Over the past 18 months, the Texas-based company has seen exponential growth in drone sales to farmers. “We are truly at a tipping point where this is now becoming more of the norm than the exception,” said Kurt George, who does business development and customer outreach for Hylio.
A longtime rice and almond farmer in Colusa County, George began looking into drones for his own farm due to the lack of available aerial applicators. Since adopting them, he has noted many benefits—first and foremost the amount of water they conserve.
“When a traditional crop duster sprays material, it needs large water droplets and gravity to deliver it down to the ground,” George said. “With a drone, the water droplets are smaller because they are much closer to the crop, and the propellers force the material down into the crop.”
He estimates the drones use about one-tenth of the amount of water an airplane does to accomplish the same applications. Those are crucial savings, especially for farmers in Colusa County, where more than half the rice fields were fallowed last year due to drought. “Anything I can do to use less water—and pay for less water—is attractive,” George said.
Hylio’s unmanned aerial vehicles, or UAVs, range in size from small drones with 2.5-gallon tanks to 16-foot-wide drones with 18-gallon tanks, with prices ranging from $25,000 to $75,000.
They can be used on a wide array of crops, from 10-acre blueberry farms to vast orchards or rice fields. In addition to cutting back on water use—and on the fuel costs associated with aerial applicators—the battery-powered drones can also aid farms struggling to find enough employees or keep up with rising labor costs.
The use of aerial technology is drawing increasing interest for multiple agricultural benefits. Last month, as the World Ag Expo in Tulare presented awards for its “Top 10 New Products,” one of the winners was an autonomous flying robot used to harvest tree fruit, including peaches, nectarines, plums, pears, apricots and apples.
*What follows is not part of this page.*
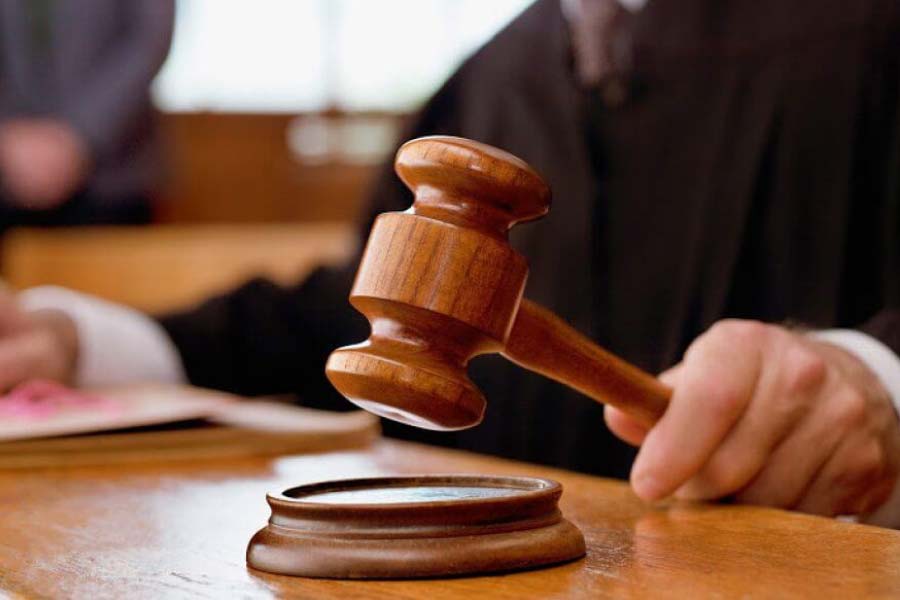 কোঝিকোড়ের কলেজে আইন নিয়ে স্নাতক পড়া শুরু করেন সুরেন্দ্রণ। কলেজে পড়ার পাশাপাশি হোটেলে কাজ নিয়েছিলেন তিনি। সেই বেতনের টাকাতেই পড়াশোনার খরচ চালাতেন।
Moshe Porat, founder and CEO of Tevel, an Israel-based robotics company, said in a statement that the company hopes to offer “a full harvesting solution” that can be employed by California growers. The firm’s Flying Autonomous Robots platform harvester, debuted at the Expo, is equipped with eight aerial robots. They use computer vision algorithyms to collect data on each piece of fruit picked.
Meanwhile, the Hylio drones—and similar agricultural drones made by other companies—can be operated from a laptop and programmed to follow specific flight paths, covering roughly 40 acres in less than half an hour. They can also be manually directed using a controller.
“If you can operate your iPhone, you can operate this drone,” George said as he promoted the drones at the Colusa Farm Show last month.
In his rice fields and almond orchards, George has used them to replace ground rigs and aerial applicators to spray his crops. Using those traditional methods would take a four-person crew to cover the same ground, he estimated.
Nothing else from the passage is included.